BEGIN
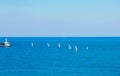 The white Sailboats at sea nautical yacht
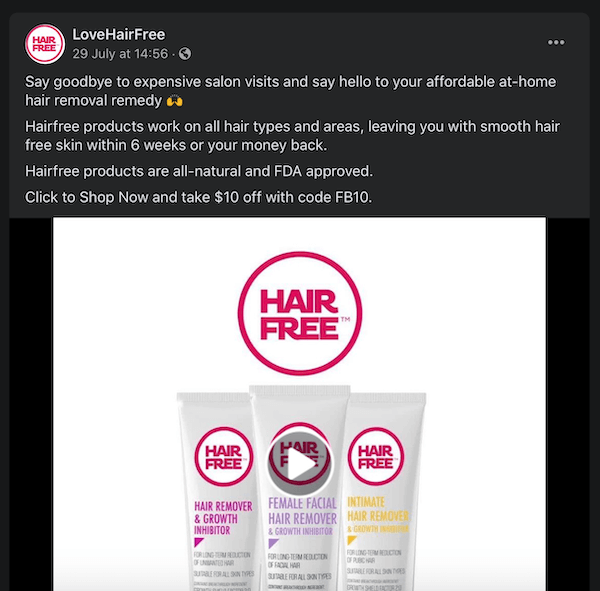publicación de facebook de lovehairfree que señala sus productos de depilación comparándolos con las costosas visitas al salón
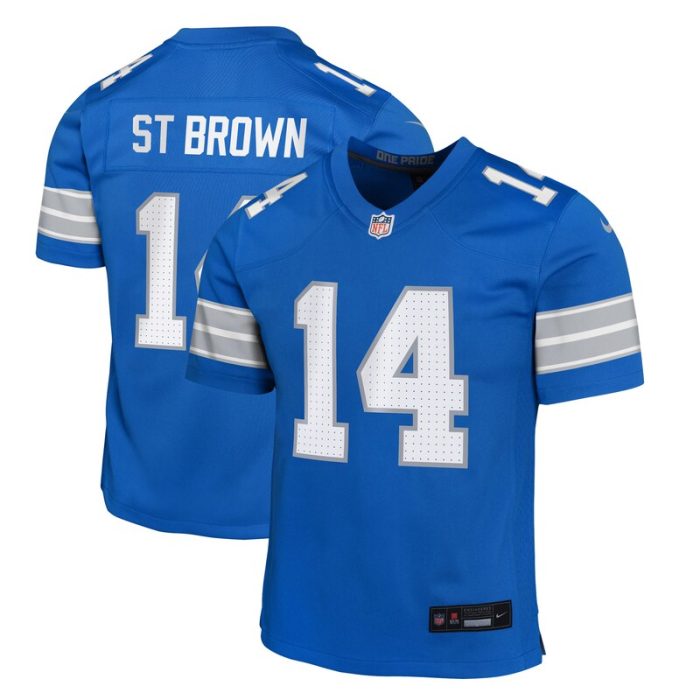 Amon-Ra St. Brown Detroit Lions Youth Team Player Game Jersey - Blue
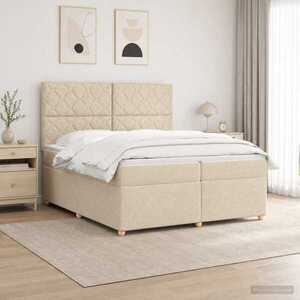 Imagine vidaXL Pat boxspring cu saltea cu benzi LED Crem 200 x 200 cm Țesătură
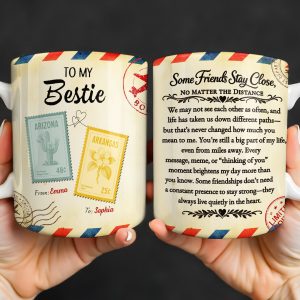 To My Bestie With Postage Stamp Design - Personalized Custom Coffee Mug - BST532_MG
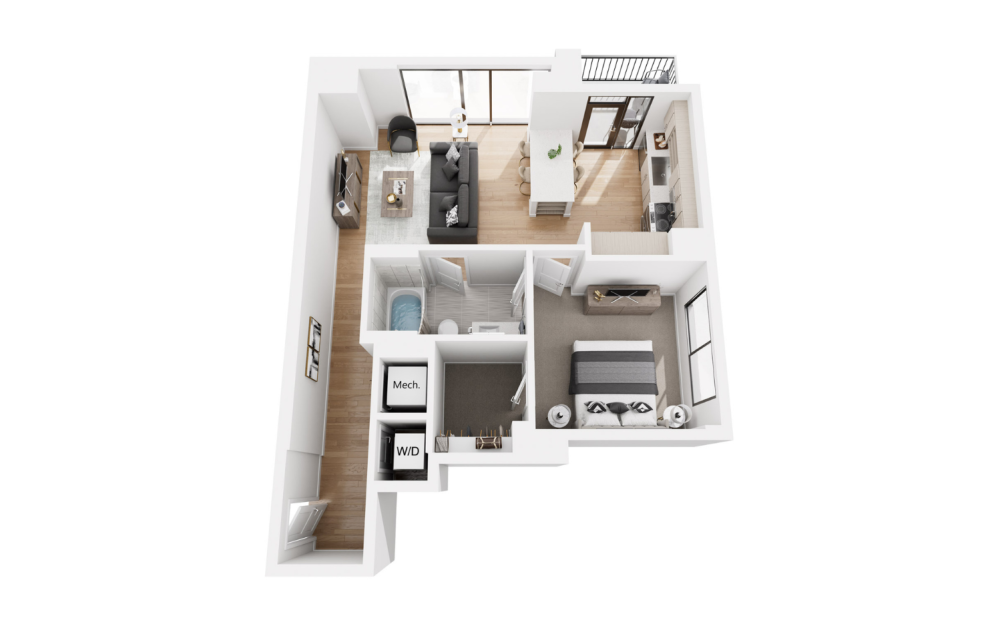 1BR 3  - 1 bedroom floorplan layout with 1 bathroom and 868 square feet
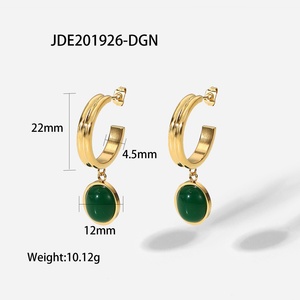 Pendientes de Aro de Acero Inoxidable que No se Deslustran, Pendientes de Piedras Preciosas Chapados en Oro para Mujer - Product Image 6
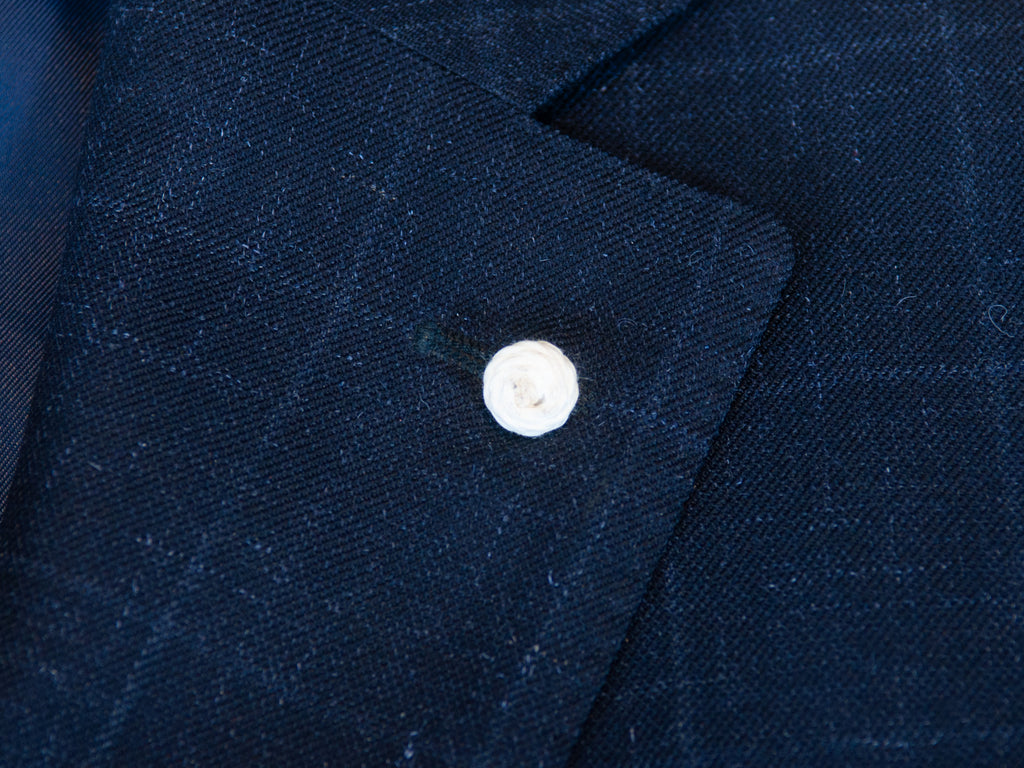 Luigi Bianchi Sartoria Navy Windowpane Drago Wool Alpaca Suit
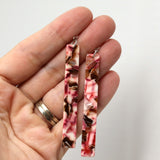 Invisible Clip On or Plastic Hooks Dangle Earrings Acrylic Minimalist Bar
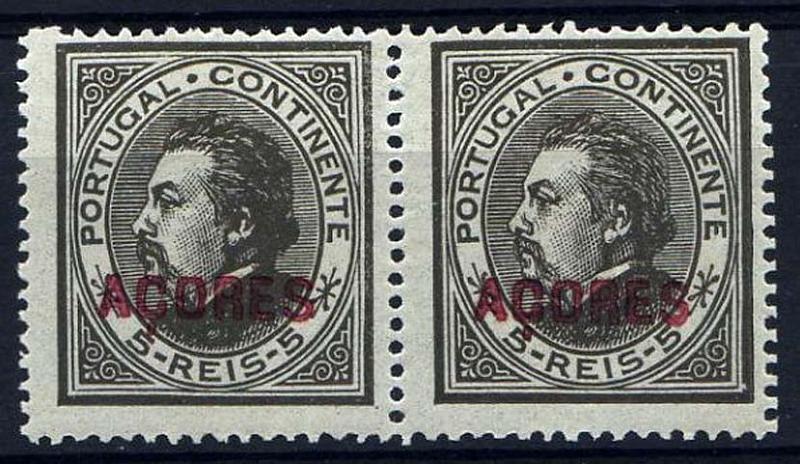 23Lis_1469.jpg -     Lote:    1469            Açores       Descrição:         1882 &mdash; D. Luís I. De perfil. CE47, 5 reis preto castanho, denteado 13 &frac12;, papel liso. Par horizontal. Valor de catálogo &euro; 70,40.        ***/**       Valor Base:     &euro; 10,00     Valor Venda:     &euro; 10,00     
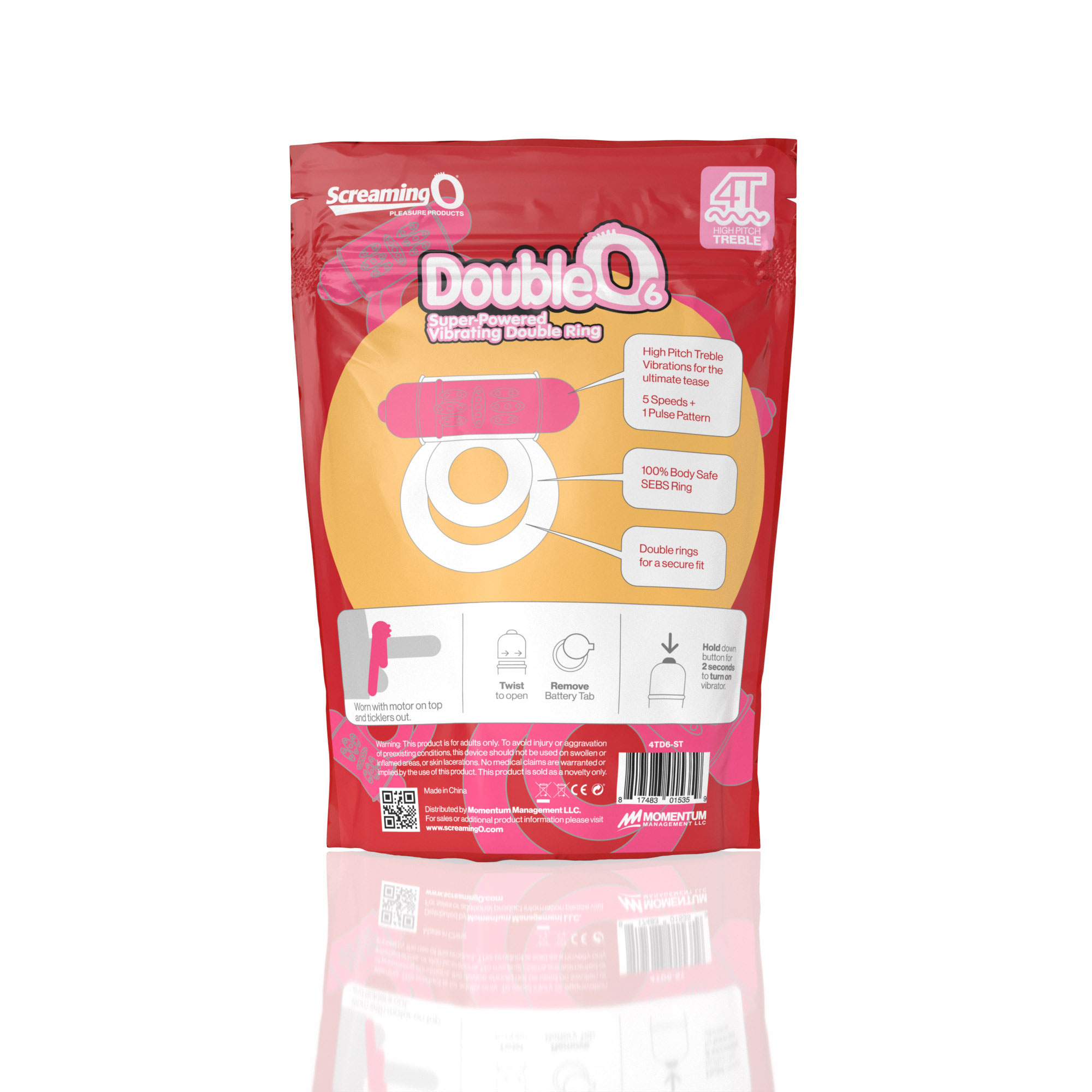 acMyKJKsiGzz0v6LXWD2BGspF4FIpHEx Screaming O 4t - Double O 6 Super Powered Vibrating Double Ring - Strawberry - Image 1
END
Only the lines from the one holding "1882 &mdash; D." through the end of the data are to be printed, exactly as they stand and with no pictures.

 23Lis_1469.jpg -     Lote:    1469            Açores       Descrição:         1882 &mdash; D. Luís I. De perfil. CE47, 5 reis preto castanho, denteado 13 &frac12;, papel liso. Par horizontal. Valor de catálogo &euro; 70,40.        ***/**       Valor Base:     &euro; 10,00     Valor Venda:     &euro; 10,00     
 acMyKJKsiGzz0v6LXWD2BGspF4FIpHEx Screaming O 4t - Double O 6 Super Powered Vibrating Double Ring - Strawberry - Image 1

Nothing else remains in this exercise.